On June 13, 2024, the Company completed the OWYN Acquisition. Simply Good Foods funded the cash purchase price of $280.0 million, excluding post-closing purchase price adjustments and before transaction related fees, through a combination of cash on its balance sheet and an incremental borrowing of $250.0 million under its outstanding credit facility. The incremental $250.0 million term loan and the then outstanding $240.0 million term loan balance have an interest rate of SOFR plus a credit spread adjustment equal to 0.10% for one-month SOFR, 0.15% for up to three month SOFR and 0.25% for up to six-month SOFR, subject to a floor of 0.50%, plus 2.50% margin. The incremental portion of the term loan was priced to lenders at par.
For the fourteen and fifty-three weeks ended August 31, 2024, the Company repaid $90.0 million and $135.0 million, respectively, of its term loan debt, and at the end of the year, the outstanding principal balance was $400.0 million.
As of August 31, 2024, the Company had cash of $132.5 million and a trailing twelve-month Net Debt to Adjusted EBITDA ratio of 1.0x(7).
Outlook(4)
While early, retail takeaway is off to a good start and the Company expects to deliver on its fiscal year 2025 plans. The Company continues to execute against its strategic initiatives and is making investments in the business that management expects will strengthen its brands in the marketplace. OWYN integration work is well underway and progressing as planned.
The Company expects strong Quest and OWYN net sales and retail takeaway growth in fiscal year 2025 driven by greater velocity, increased distribution, innovation and marketing investments. The Company is pleased with the progress of the Atkins revitalization plan and remains focused on the ongoing plan in fiscal 2025, particularly packaging and reformulation. In addition, as discussed last quarter, the Company will also focus on optimizing and improving the ROI of Atkins' brand investments in fiscal 2025. The Company anticipates this will affect Atkins fiscal 2025 net sales and retail takeaway but believes this is necessary to ensure the brand remains a sustainable and profitable business over the long-term.
As discussed last quarter, in fiscal 2025, the Company expects input cost inflation.

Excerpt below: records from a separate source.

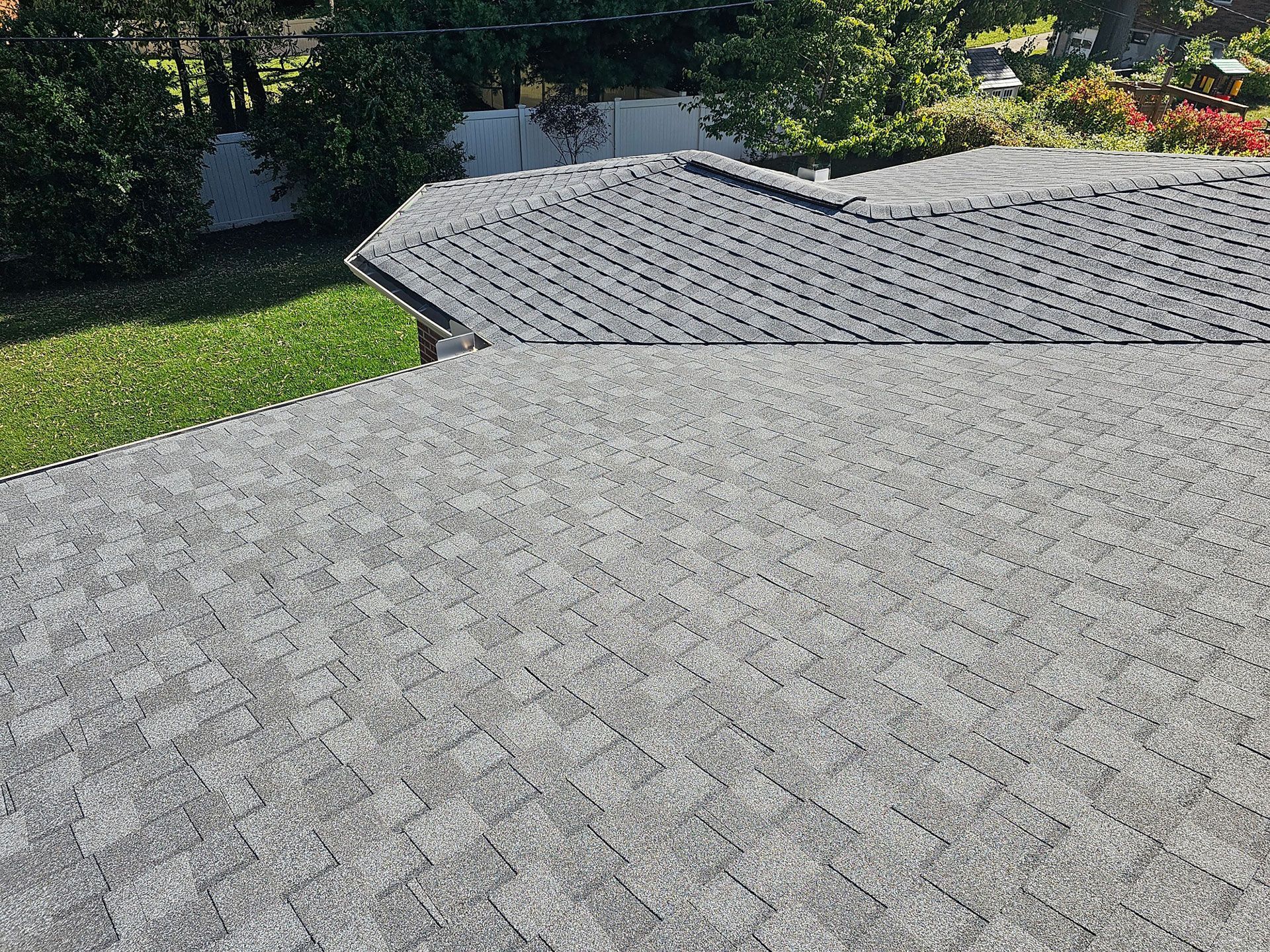 The roof of a house with a gray shingle roof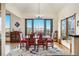 Bright dining room offering an elegant setting with large windows, hardwood floors, and mountain views at 50 Deerwood Dr, Littleton, CO 80127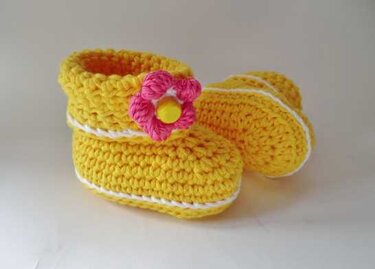 Gehäkelte gelbe Babyschuhe mit weißer Kante und rosa Blüte, Nahansicht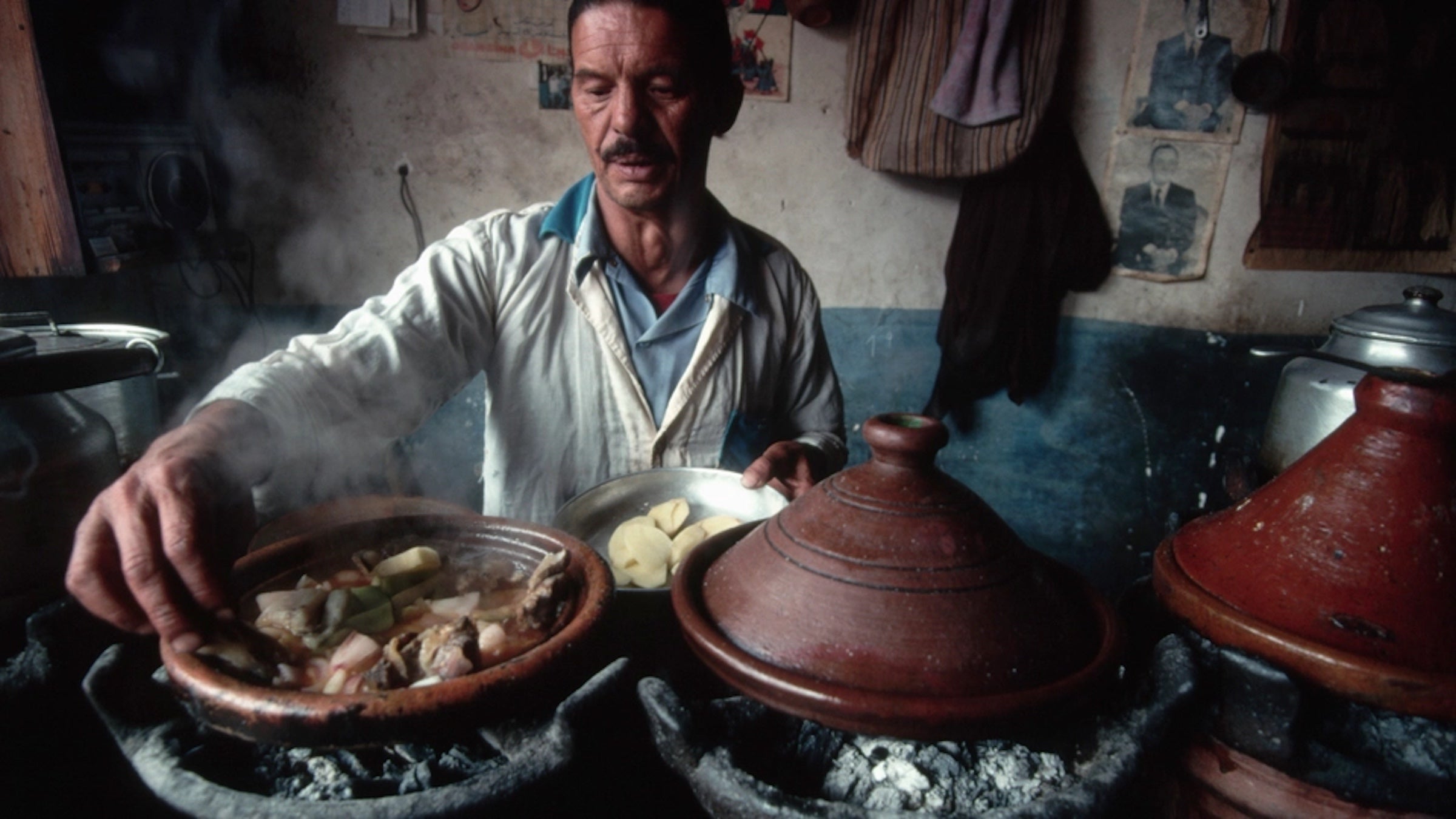 A man prepares Moroccan food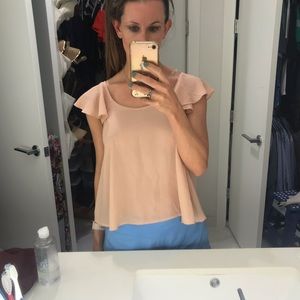 Blush pink sleeveless blouse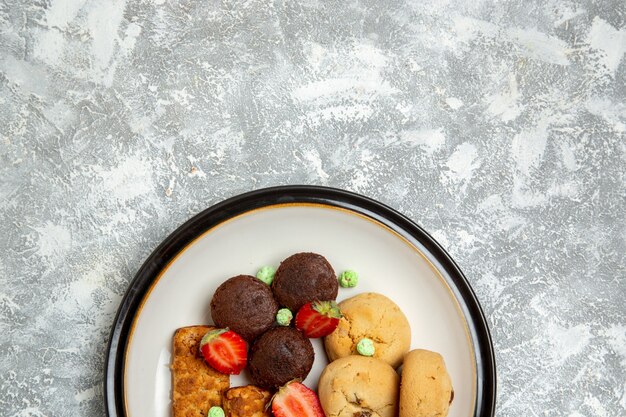 Вид сверху вкусные торты с печеньем и клубникой на белом столе бисквитный сахарный торт сладкий пирог чайное печенье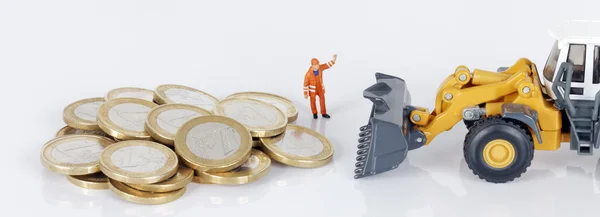 Coins with loader Stock Image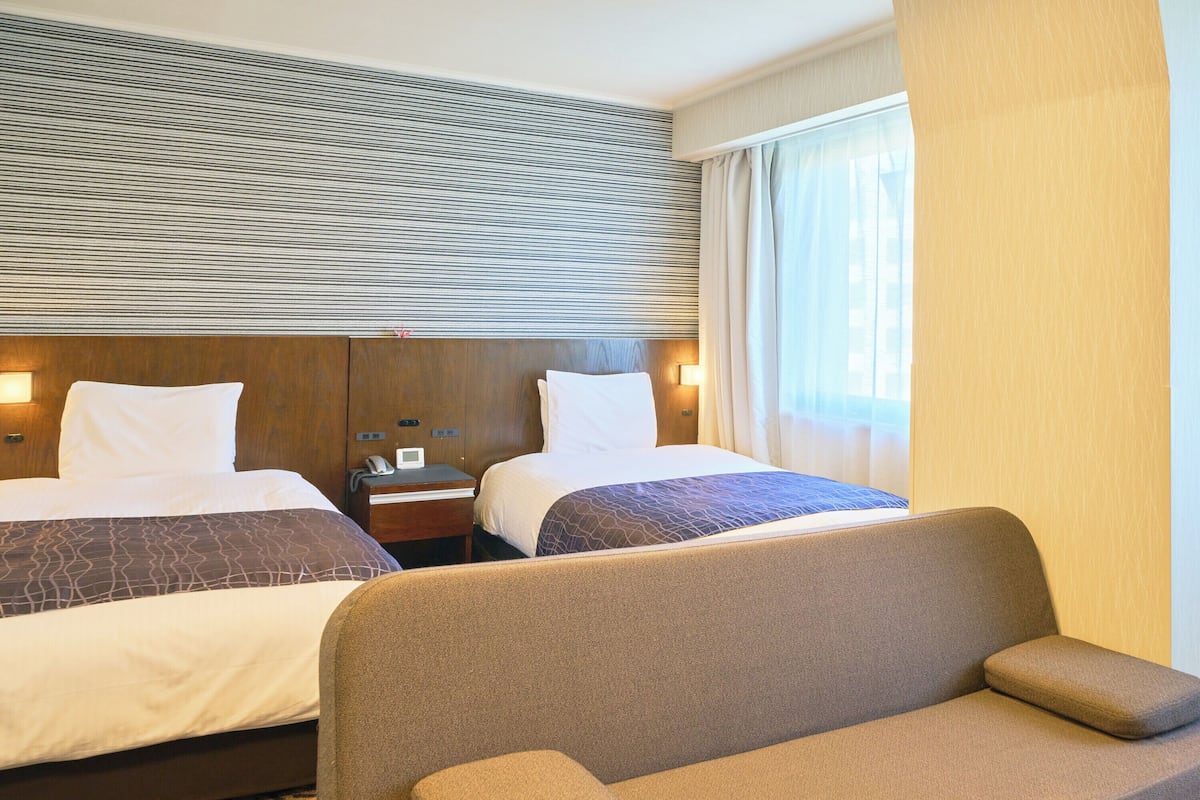 Habitación de hotel con dos camas, un sofá, una mesita de noche con teléfono y una ventana con cortinas.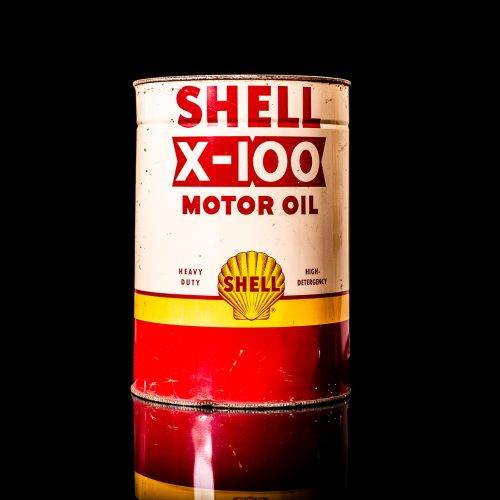 Vintage Shell oil cans with red and yellow branding from the 1900-1920 old logo Vintage Shell oil cans from 1900-19255, featuring the old logo. The photo showcases an antique tin red with yellow accents, displaying the historic Shell emblem. Shot in a studio against a solid black background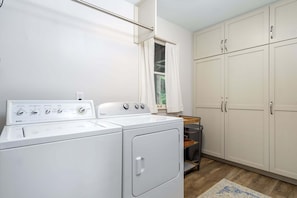 A laundry area with two washing machines, a drying rack, and a window with curtains. - Mountain View | 4 BD Pet-Friendly Montreat Home | Game Room (Montreat)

Solid productivity and cost savings initiatives are in place that are expected to partially offset these higher costs, however, given the unprecedented increase in the cost of select inputs the Company anticipates gross margin compression in fiscal 2025.
Therefore, the Company anticipates the following in fiscal 2025:
-
Net Sales expected to increase 8.5% to 10.5%
-
OWYN full fiscal year 2025 Net Sales expected to be in the $135-145 million range
-
-
Adjusted EBITDA(3) expected to increase 4% to 6%
-
The fifty-third week in fiscal 2024 comparison year is about a 2-percentage point headwind to both Net Sales and Adjusted EBITDA growth in full year fiscal 2025 and incorporated in the outlook above
-
Assuming a comparable full year of OWYN results are included in fiscal 2024, as well as the exclusion of the fifty-third week in fiscal 2024, fiscal 2025 is expected to be in line with the Company's long-term algorithm; net sales growth in the 4-6% range and Adjusted EBITDA growth slightly greater than the net sales increase
___________________________________
(1) All comparisons for the fourth quarter ended August 31, 2024, versus the fourth quarter ended August 26, 2023.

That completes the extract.